WWW; MBone; Multicast; Video-on-demand

1. Introduction

Straightforward, one-way delivery of video programming through television sets has existed for many decades. In the 1980s, new services like Pay-Per-View and Video-on-Demand were touted as the "killer application" for next-generation Internet and TV services. However, the hype has quickly died away leaving only hard technical problems and potentially very costly systems. Even though VoD has been shown to be technically feasible, service providers have been hesitant to make the investment necessary for wide-scale deployment. Furthermore, almost all of the trials to date suggest VoD is too expensive and there is too little demand. What is needed, and what we propose, is a new paradigm offering flexibility in how programs are requested and scheduled for playout, ranging from complete viewer control (true VoD), to complete service provider control (traditional broadcast or cable TV). Furthermore, our proposed paradigm functions independent of the network topology. Both a cable-TV- and Internet-based jukebox service are possible. And with solutions to the key problems facing each network — high quality delivery in the Internet, and bi-direction communication in cable TV systems — the jukebox paradigm could be developed into an attractive commercial service.

The jukebox paradigm we propose is based on the premise of allowing any viewer to watch any other viewer's requested program. Program requests are scheduled on one of a system's channels using a set of scheduling policies. Any viewer who wants to watch a program on a particular channel simply "tunes" to that channel. Content on each channel is delivered from a server to all viewers watching that particular channel.
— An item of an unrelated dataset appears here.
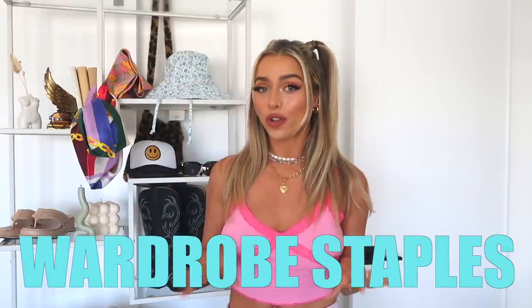Hi guys! Welcome to my channel. If you're new, if you're returning, thank you for coming back. I'm Delaney, and in today's video I am going to go over summer 2021 wardrobe staples.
In this paper, we describe the jukebox paradigm and relate it to other on-demand paradigms. We also describe some of the challenges in providing an on-demand program service. Of particular interest are issues like the best way to handle viewer requests, how to provide VCR-style interactive functions, and how to track viewer usage patterns. We also describe our efforts to prototype a jukebox-based service. The Interactive Multimedia Jukebox (IMJ) provides scheduling via the World Wide Web (WWW) and content delivery via the Multicast Backbone (MBone). We discuss some of the issues related to building the IMJ and our ongoing efforts in improving the jukebox paradigm.

The jukebox paradigm is an effort to bring together work in several research areas. One area is the scalable delivery of video-on-demand (VoD) service using multicast communication. True VoD, in which all viewers get their own resources, requires very large systems to provide adequate performance. These systems are expensive and provide few revenue opportunities for service providers. One solution is to batch multiple requests for the same program into a group and then service them using one audio/video stream multicast to all group members [1, 2]. This solution was mainly proposed for cable-TV based infrastructures which provide many channels, a large numbers of customers, and broadcast-only communication. Within the Internet, the MBone [3] has been the focal point for developing multicast [4] and real-time protocols [5] for the scalable delivery of multimedia streams. Like the IMJ, related efforts are looking at extending the use of the MBone beyond applications like interactive conferencing and program broadcasts [6, 7,8, 9]. Finally, recent work has looked at integrating the services of the MBone and the Real-Time Protocol (RTP) into the the WWW. Several researchers are looking at various ways of using the MBone and multicast protocols to deliver WWW pages [10,11, 12,13]. Other issues are based on the integration of WWW and MBone-style conferencing [14, 15].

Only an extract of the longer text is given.